Docherty plays down a little the competition that he enjoyed from other New Zealanders throughout most of his career, saying his goal was never to be the best local triathlete anyway.

“My aim was to be fastest in the world, I was never interested to be fastest New Zealander. Obviously if I achieved my aim I would naturally be fastest Kiwi. Having some good competition with Hamish and Kris really contributed to our results though for sure. It gave us world class athletes to train with and naturally produced good results internationally. Like the Brownlee brothers train and key off each other, that is one of the reasons they are successful. So it was fantastic in getting the best out of ourselves to be best in the world.”

Through all those years racing it is no surprise that Docherty recalls a few scary moments, one in particular when he questioned his decision to commit to an event.

“The details are a bit sketchy now, there was this one race somewhere in Europe, it was in Eastern Europe – maybe the old Yugoslavia and it was pretty crazy. The hotel had blood stains on the mattresses and was just a real dodgy place. The people were super nice, but I just didn’t feel comfortable there and didn’t go back.”Not surprisingly his favourite venues are the ones in which he raced well in.

“Most of the events I did well at I did enjoy returning to. Kitzbuhel in Austria was beautiful and I always enjoyed going back there. I remember I did a race in Sardinia a few years ago - maybe in the year 2000, if I had a chance I would go back there. I remember sitting watching Sydney Olympic Games with some Italians, it was a bit surreal and very enjoyable.”

There have been plenty who have helped Docherty along the way, he does though single out just a few.

“My coach Mark Elliott is top of that list, he saw eye to eye with me and things just happened naturally. He was a smart guy and there is a reason he is so successful with Bike NZ at the moment. Kris Gemmell was my training partner through two of my Olympic medals and Will Smith was my training partner through my last six years of my career. They have helped me a lot. So many people have on the way, they have all played a part to be fair. To be successful in an individual sport you have to have a good team around you. And Tri NZ has played a big part, they have been very supportive and allowed me to do a lot of things out of the norm.”


Docherty wins the ITU World Cup Triathlon in New Plymouth, New Zealand. Photo © Jo Caird Photography

This is where Docherty the old morphs into Docherty the new though. Enough of the reminiscing and the looking back through rose tinted glasses. Docherty the husband and Docherty the Dad starts to come through and expose a few soft edges that his opponents never saw sight of.

“My outlook in life changed as soon as my kids were born. The Olympic medals I have in the house were moved out of the way, kids toys took over and that put a perspective on things – it is amazing to have won a couple of medals and world titles but to be honest, my kids and family they are number one in my opinion, my biggest achievement is my family.”

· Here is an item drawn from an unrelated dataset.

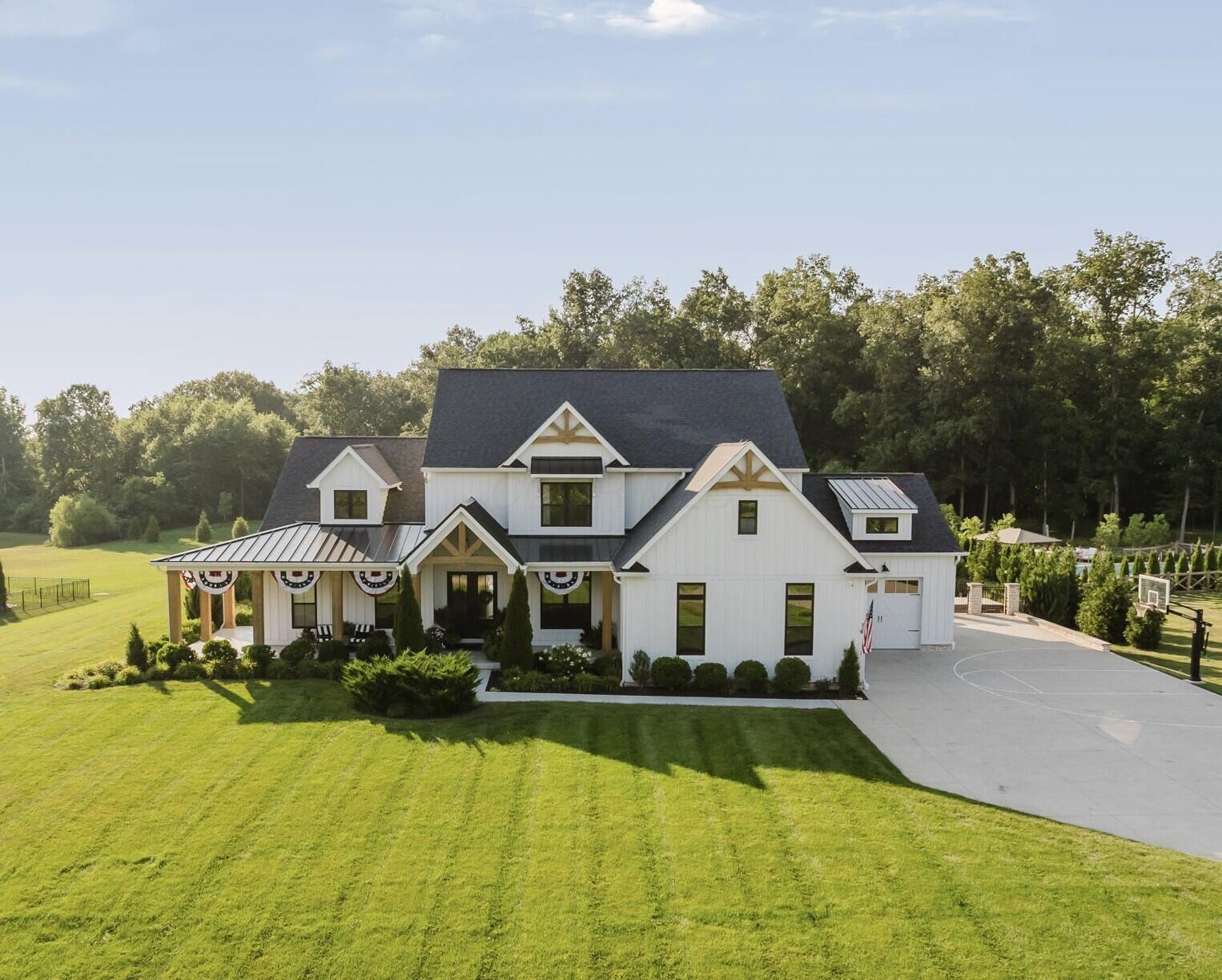 9525 Britonwoods Drive Property Photo 1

The 37 year old is not sure what the future holds, for now he is content to put his feet up, play with his kids and spend quality time with the family – time that is not spent training, eating or sleeping.

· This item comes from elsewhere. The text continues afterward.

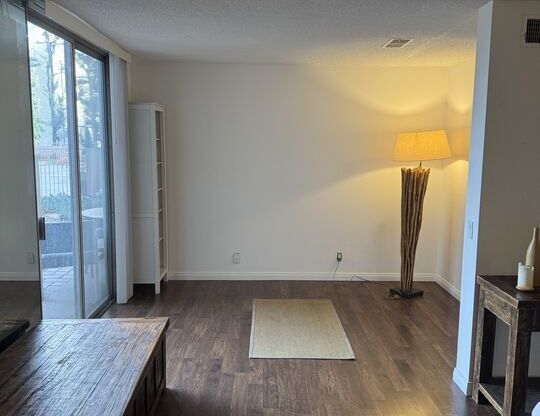 1 bed, 2 baths, 850 sqft, $3,900, Unit 209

“Flying has always been a passion of mine, I have had some help in the form of a Prime Ministers Scholarship to dedicate towards that, it is something to fill in the gap at the moment and keep me occupied and great to be learning again, I’m not sure if this will be a career for me but I am enjoying it.”

“So that could be a possibility career wise but I am not going to rush into anything, for once I am taking my time and enjoying having more energy than normal.”